Residence Inn had about five hotels under its belt at the time. It soon came into the fold of Trammell Crow Ventures, the company’s financing arm, and within three years grew to over 100 locations. In 1987, Marriott acquired the business. While Depatie’s initial attraction to the firm was academic, helping steer that kind of growth suggested a more organic fit with the hotel sector.

“I probably had a natural proclivity for it,” he said. “I like the service aspect and the real estate finance aspect. And, really, the hotel industry is about real estate finance.”

Real estate finance certainly looked favorably upon Kimpton before Depatie’s arrival in 2003. He described its 1997 investment fund as “unprecedented” for a company of its size—and history repeated itself, with Trammell Crow jumping into that pool. Another fund that kicked off shortly into his term raised $157M.

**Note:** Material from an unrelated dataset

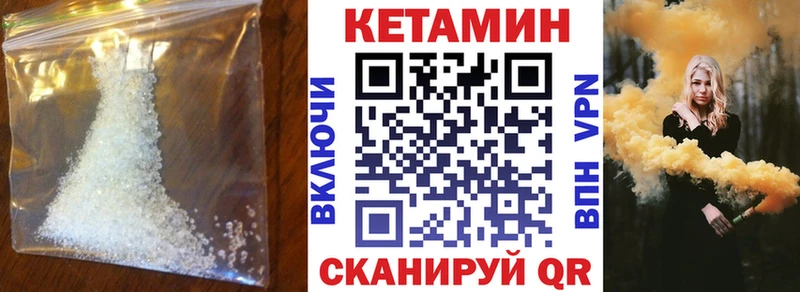 где купить наркотик  Данилов  Кетамин ketamine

Consumer trends made it clear to institutional investors that Kimpton was a safe bet. In 1984, sufficiently recovered from their Studio 54 hangovers, Manhattan nightlife kings Ian Schrager and Steve Rubell opened Morgans New York, which many believe set the boutique template. (Kimpton claims its founder, Bill Kimpton, actually coined the phrase after debuting the brand’s first lodging, in San Francisco.)

But the boutique ethos—distinct design flourishes (or lack thereof in Morgans’ famously stark case) and a humane scale, perks long missing from generic chain hotels—really caught on a decade or so after Morgans’ founding. In a paradigm shift that mirrors the one now poised to remake the fast food industry, Americans began to drift away from the generic comforts of the big dinosaurs (Hilton, Marriott, McDonald’s) and toward the relatively personalized quirks of, say, a Kimpton or a Shake Shack. (The remarkable escalation of obsessive pet ownership on the part of the American consumer played no small part in Kimpton’s good fortune, with Depatie’s shop smartly setting itself apart from slow-footed competitors by being quick to coddle guests’ furry companions.)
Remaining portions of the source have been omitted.